Muscle of the forearm

The flexor pollicis longus (/ˈflɛksər ˈpɒlᵻsᵻs ˈlɒŋgəs/; FPL, Latin flexor, bender; pollicis, of the thumb; longus, long) is a muscle in the forearm and hand that flexes the thumb. It lies in the same plane as the flexor digitorum profundus. This muscle is unique to humans, being either rudimentary or absent in other primates. A meta-analysis indicated accessory flexor pollicis longus is present in around 48% of the population.

== Human anatomy ==

===Origin and insertion===
It arises from the grooved anterior (side of palm) surface of the body of the radius, extending from immediately below the radial tuberosity and oblique line to within a short distance of the pronator quadratus muscle. An occasionally present accessory long head of the flexor pollicis longus muscle is called 'Gantzer's muscle'. It may cause compression of the anterior interosseous nerve.

It arises also from the adjacent part of the interosseous membrane of the forearm, and generally by a fleshy slip from the medial border of the coronoid process of the ulna. In 40 percent of cases, it is also inserted from the medial epicondyle of the humerus, and in those cases a tendinous connection with the humeral head of the flexor digitorum superficialis is present.

The fibers end in a flattened tendon, which passes beneath the flexor retinaculum of the hand through the carpal tunnel. It is then lodged between the lateral head of the flexor pollicis brevis and the oblique part of the adductor pollicis, and, entering an osseoaponeurotic canal similar to those for the flexor tendons of the fingers, is inserted into the base of the distal phalanx of the thumb.

===Relations===
The anterior interosseous nerve (a branch of the median nerve) and the anterior interosseous artery and vein pass downward on the front of the interosseous membrane between the flexor pollicis longus and flexor digitorum profundus.

Injuries to tendons are particularly difficult to recover from due to the limited blood supply they receive.

===Actions===
The flexor pollicis longus is a flexor of the phalanges of the thumb; when the thumb is fixed, it assists in flexing the wrist.

===Innervation===
The flexor pollicis longus is supplied by the anterior interosseous(C8-T1) branch of the median nerve (C5-T1).

===Variations===
Slips may connect with flexor digitorum superficialis muscle, flexor digitorum profundus muscle (resulting in the Linburg-Comstock syndrome), or the pronator teres muscle. An additional tendon to the index finger is sometimes found.

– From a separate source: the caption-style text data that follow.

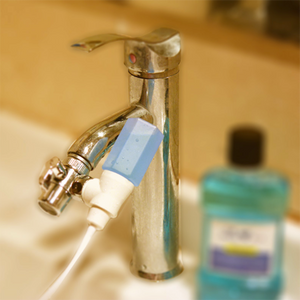 Luxury Oral Irrigator Floss Water Jet DS6000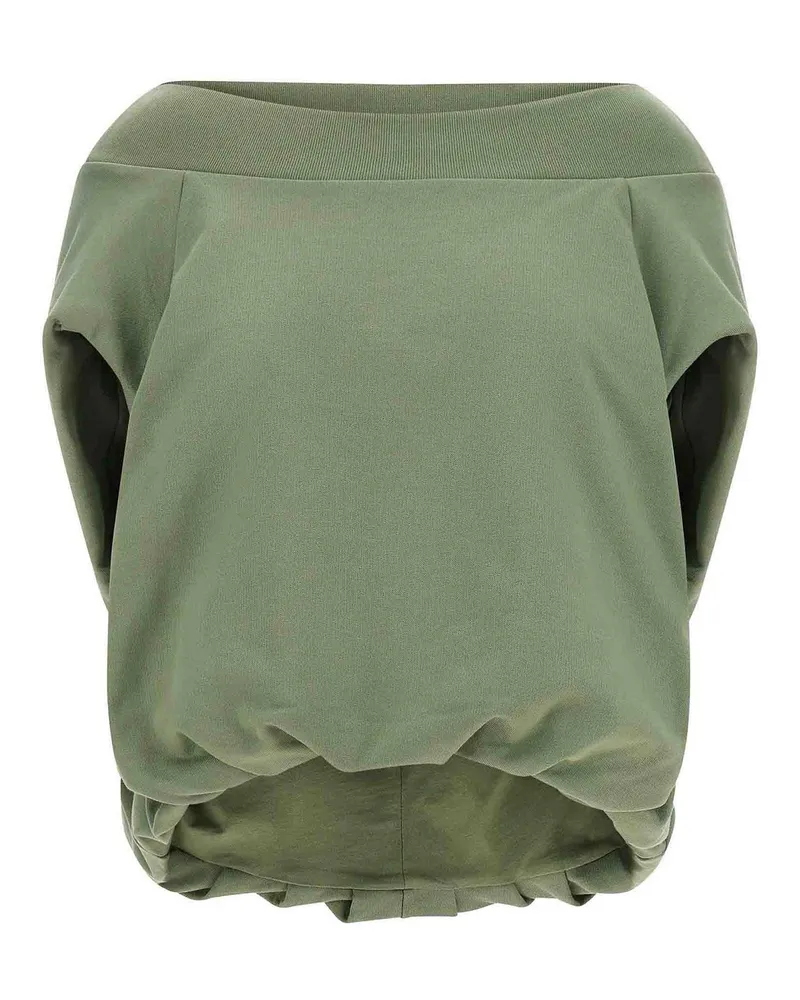 Dries van Noten Sweatshirt - Beige Beige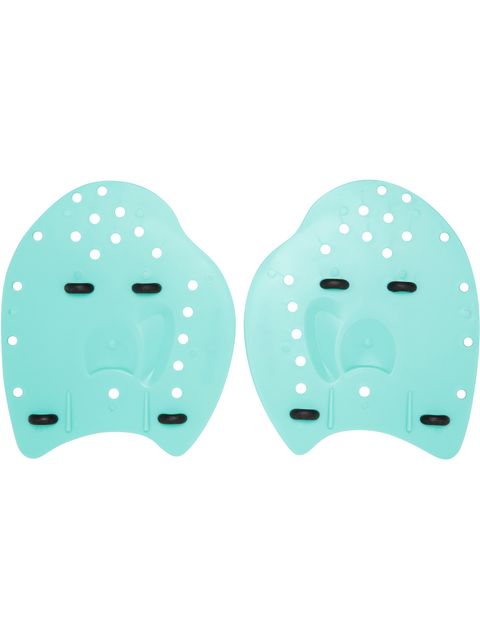 AMANZI Hand Paddles - Spearmint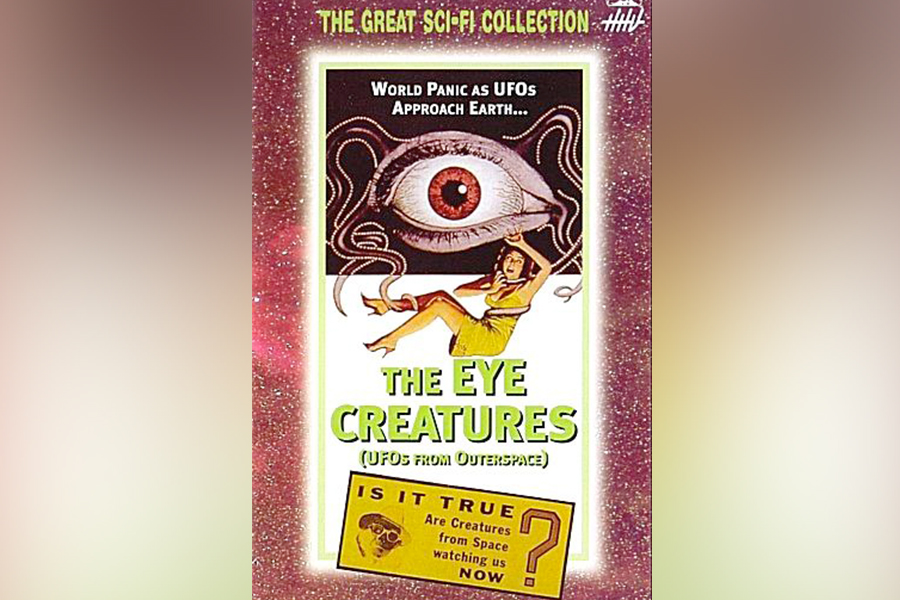 The Eye Creature (1965)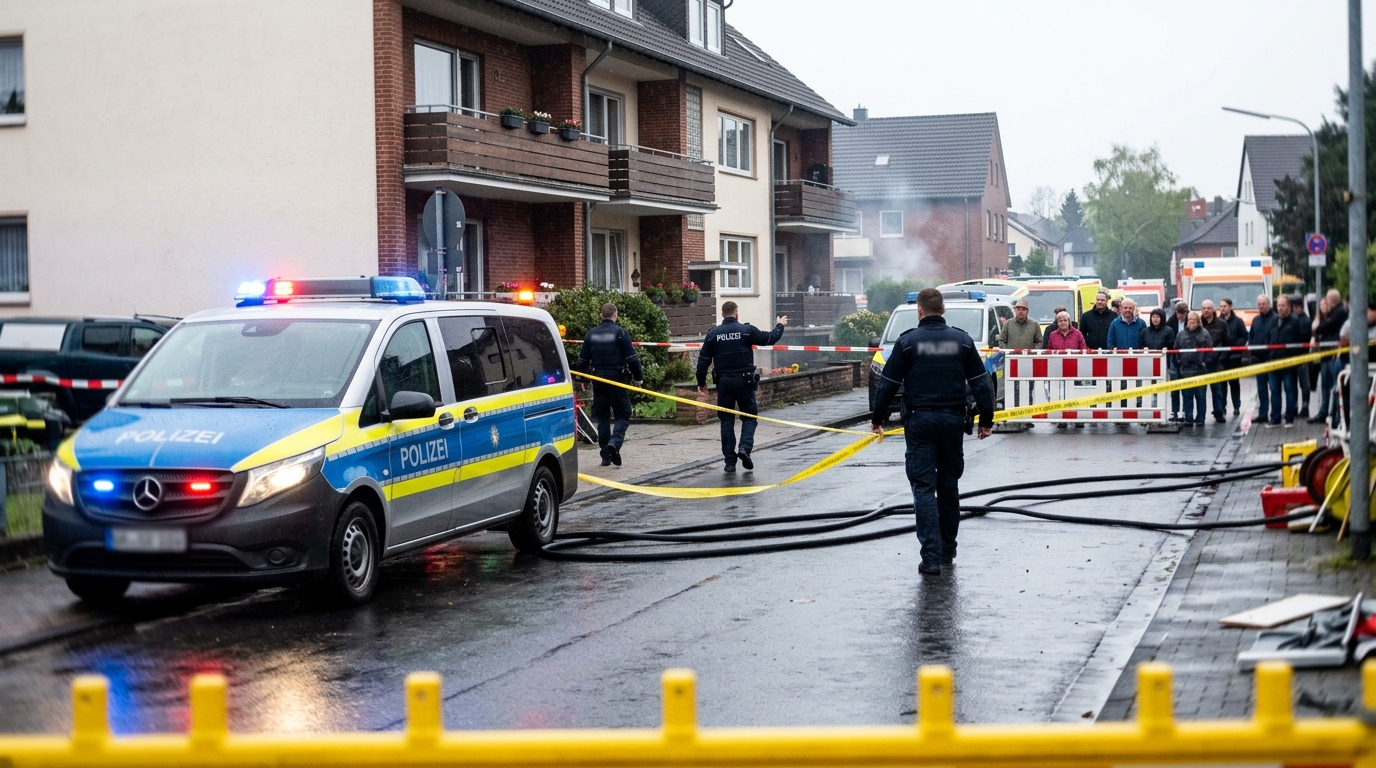 Gunman kills 6 at German shelter over custody dispute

== Evolutionary variation ==
Modern humans are unique among hominids in having a flexor pollicis longus (FPL) muscle belly that is separate from that of the flexor digitorum profundus (FDP). While the FPL is not a separate muscle belly in extant great apes, a distinct tendon from the FDP belly might be present. In some individuals, this tendon tend to act more like a ligament, which restricts extension of the interphalangeal joint of the thumb. In orangutans there is a tendon similar in insertion and function to the FPL in humans, but which has an intrinsic origin on the oblique head of the adductor pollicis.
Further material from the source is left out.